We’re also seeing more and more cases where the owner intends to stay on for several months or years in a more active capacity (Sell and Stay®) to create a smooth transition, and potentially increase the value of their practice. Acquiring an owner, a rainmaker, or key staff can certainly boost the value of an acquisition.


Remember, the biggest financial factors are written into the deal terms. Looking past the EBITDA multiple is critical for anyone entering the M&A marketplace right now. What sounds good in conversation may be a distraction from what’s really on the paper. We often remind advisors that “You shouldn’t be looking at if it’s expensive for the market, but if it’s expensive for you.”

Just as you work with clients on their financial plan, having a thorough understanding of what you can afford in the short and long term, what expenses you can afford to invest in that may be required (such as staff, technology, office support, marketing updates, etc.), and being prequalified for any necessary funding support can all contribute to your confidence and comfort in the months leading up to the close. Being prepared minimizes any personal or emotional undercurrent as you collectively work through the deal terms.

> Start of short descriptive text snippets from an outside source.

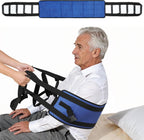 Rhino Valley Transfer Sling, Gait Belt with 10 Padded Handles, 9.7" Extra Wide Transfer Belt for Seniors, 330lbs Heavy Duty Lift Assist for Bed, Wheelchai,Non-Slip Nursing Belts Elderly, Injured, Blue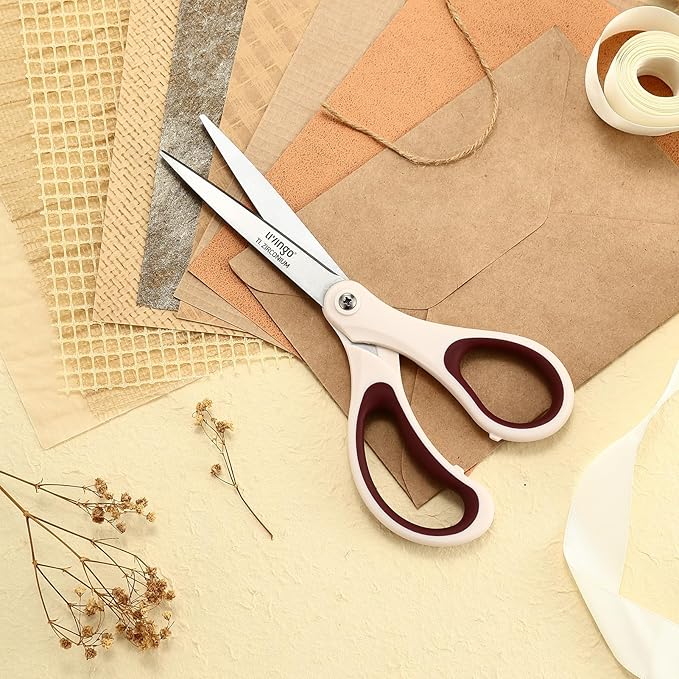 LIVINGO 3 Pack 8" Sharp Scissors All Purpose - Titanium Coated Stainless Steel Blades for Office, School & Home Crafting Cutting Fabric, Paper - Sky Blue & Dusty Pink & Beige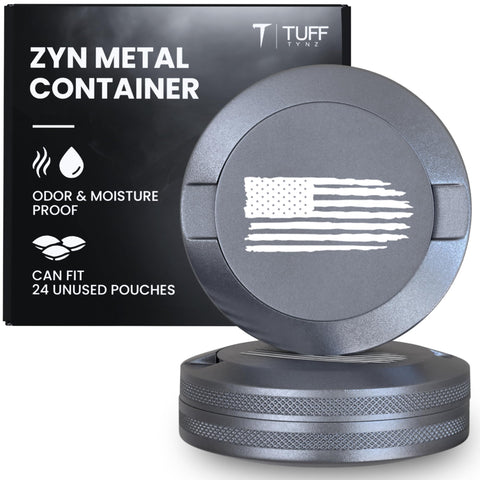 TuffTynz Premium Zyn Metal Can with knurled edge for a secure grip and style.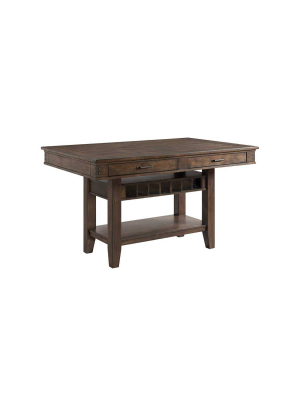 Whiskey River Island Counter Height Island Gunpowder Gray - Intercon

For firms seeking an acquisition as part of their inorganic growth strategy, we recommend doing your homework. Preparing your firm in advance by ensuring the proper structure and measuring your capacity to acquire more clients and staff. Intentionally setting your firm up for success could mean engaging experts like our team at FP Transitions, and depending on your goals, an expert can help you map and fortify your acquisition readiness in the most efficient manner. When the right foundations are in place and you can clearly articulate your long-term vision for your firm, you’ll know the right fit when you see it.